Время сержанта Николаева - [69]

Шрифт
Интервал

В отличие от Худобина ей не требовались дополнительные меры безопасности: границы, подобающие такой красоте, соблюдались, хотя и с вполне простительной натяжкой. Я поцеловал ей ручку и щечку почти у края рта, холодного и плотного, а рядом горели влажные ткани. Соколов, подошедший за мной, именно туда ее и поцеловал, в срощенье губ. Он смотрел на Ирину глазами и пьяными, и реваншистскими, спелыми, как маринованные грибки. (Мое четвертое упоминание о них.) Я заметил, что от вновь прибывших доносился дикий запах шампанского. Как мы с Пащенко, раздавили на двоих в парадной? Францевна усадила Миллер рядом с Соколовым, а Худобина — с собой.

Через некоторое время, набитое перекрестным шумом, смутностью смысла и еще несколькими порциями водки, пьяной стала сама душа (я четко чувствую этот расплавленный момент), улыбчиво сосредоточенная на любовании Миллер.

Целые звенья того вьющегося вечера миновали мою память, и теперь я катаю сизифов камень припоминания. Я помню обрывки тех разговоров, в которых принимал жаркое, напрасное участие.

Что-то о всеобъемлющем Голоде, который играет нами, как кошка с мышкой, как прицеливающийся тайфун. Были еще какие-то сравнения. Особенно усердствовал Ибрагимов, находя красноречивые и радостно жестокие доказательства.
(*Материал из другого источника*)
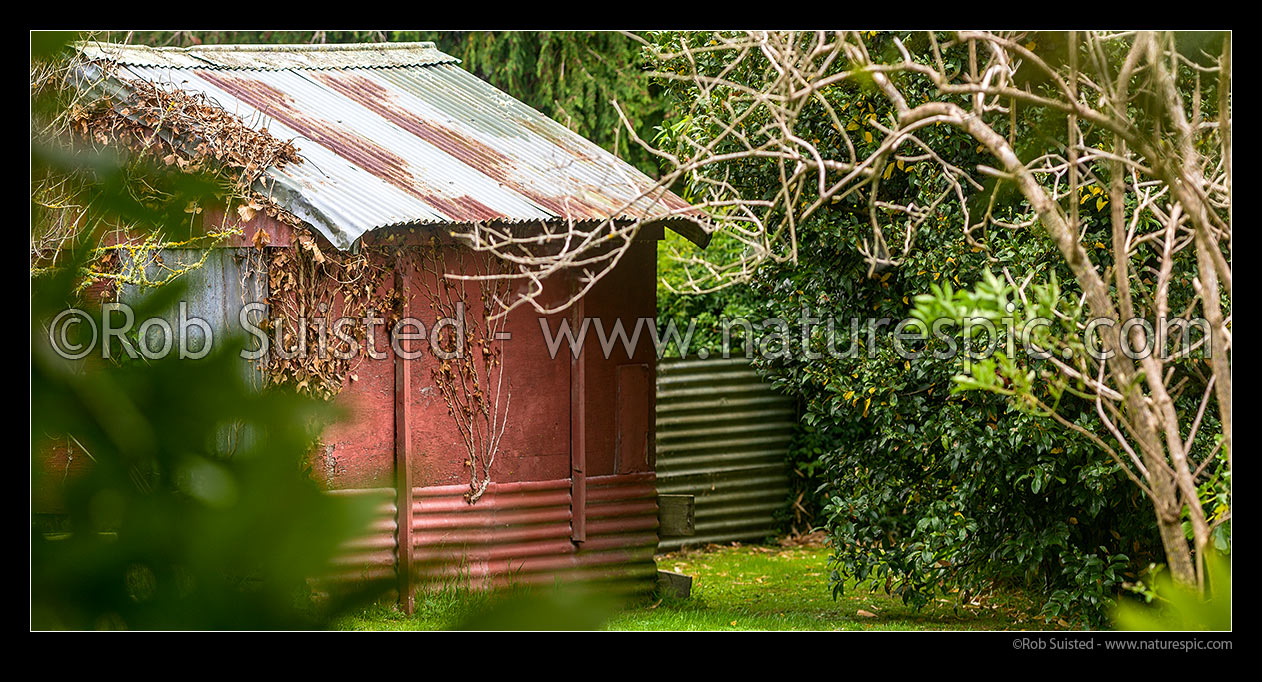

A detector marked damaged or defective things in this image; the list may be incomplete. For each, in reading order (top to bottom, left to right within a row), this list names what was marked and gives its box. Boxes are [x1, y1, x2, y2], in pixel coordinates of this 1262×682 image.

rusty roof sheet [76, 41, 711, 251]
rusty metal sheet [76, 41, 711, 251]
rusty metal sheet [656, 358, 792, 550]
Говорилось со сладостью в нёбе, в альвиолах. Я чувствовал, что и мой язык нахлебался сиропа. Казалось, все предсказания, эстетизированные нашим полнозвучием (прежде всего Соколова, моим, Ибрагимова и Комова), вот-вот сбудутся с теми подробностями, какими мы располагали, и сбывшееся из благодарности, что это именно мы его так аппетитно подали, пожалеет нас, минует, не сомнет, не размозжит о скалы.

Да, припоминаю какую-то летучую пикировку с Комовым. В сущности, Комов защищал Соколова. Что-то затхлое, банальное, пустоутробное. О демократах, что ли?

Я сказал что-то глупое Соколову, что он понятия не имеет о сути русской истории. На что он немедленно отреагировал чрезвычайно смешным лапидарным анекдотом, над которым до визга хохотали все, а заодно и надо мной, и я сам смеялся ради справедливости. Теперь, хоть убейте, не помню этого замечательного анекдота. Помню превосходное по беглости глаз, ничем не засветившееся злорадство Соколова.

Комов говорил, что “эти” демократы схлынут, они пена, но они не изверги, они чистые рабы времени, революционеры. А я говорил: нет, изверги и ворюги. На что Комов плевался и стучал по столу, отворачиваясь от меня со слезами. Я видел, как со мной соглашались Пащенко и Феликс.

— “Ваши” демократы, — горячился я, — проходимцы, бывшие завистники, неудачники, фискалы. У них пусто в душе. Вы только посмотрите на их рожи: все двойное, все изломанное, все в усмешке чревоугодников, в жирной слюне, в подноготной грязи. Вы посмотрите на них, когда они тихо переговариваются друг с другом: циничные гримаски, как будто вспоминают вчерашний разврат. Но подходят к микрофону — и потекло: “свобода, свобода, свобода”. Свобода, бля, как поется в песне.

Странно, когда даже Худобышка не соглашался со мной, примирительно трогая мою руку, предлагая выпить компотика, Соколов вдруг сказал то, что фактически поддержало меня. Я никогда не видел настолько серьезного и диковатого Соколова.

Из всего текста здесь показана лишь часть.